State Abstractions

Summary: Theoretical framework in reinforcement learning that connects concept selection to approximate state abstraction, enabling the identification of decision-relevant features that preserve optimal decision structure. Provides mathematical foundation for automatically selecting interpretable concepts while maintaining performance guarantees.

Overview

State abstractions serve as the theoretical backbone for concept-based reinforcement learning, establishing when and how concept representations can maintain the essential decision-making structure of the original state space.
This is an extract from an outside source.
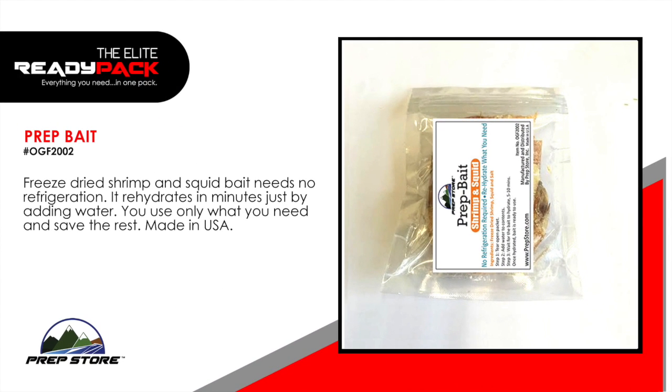Prep bait: shrimp and squid. Freeze dried shrimp and squid bait needs no refrigeration. It rehydrates in minutes by just adding water. You use only what you need and save the rest. Made in the USA.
The framework addresses a fundamental challenge in Reinforcement Learning Interpretability: how to reduce complex state spaces to human-interpretable concepts without losing critical information needed for optimal decision-making.

The core principle is that effective state abstractions must preserve action-value differences across states. When states are mapped to the same concept representation, they should ideally share the same optimal action. This insight directly connects to Approximate Dynamic Programming theory, where abstraction quality is measured by how well the reduced representation maintains the underlying Markov Decision Process structure.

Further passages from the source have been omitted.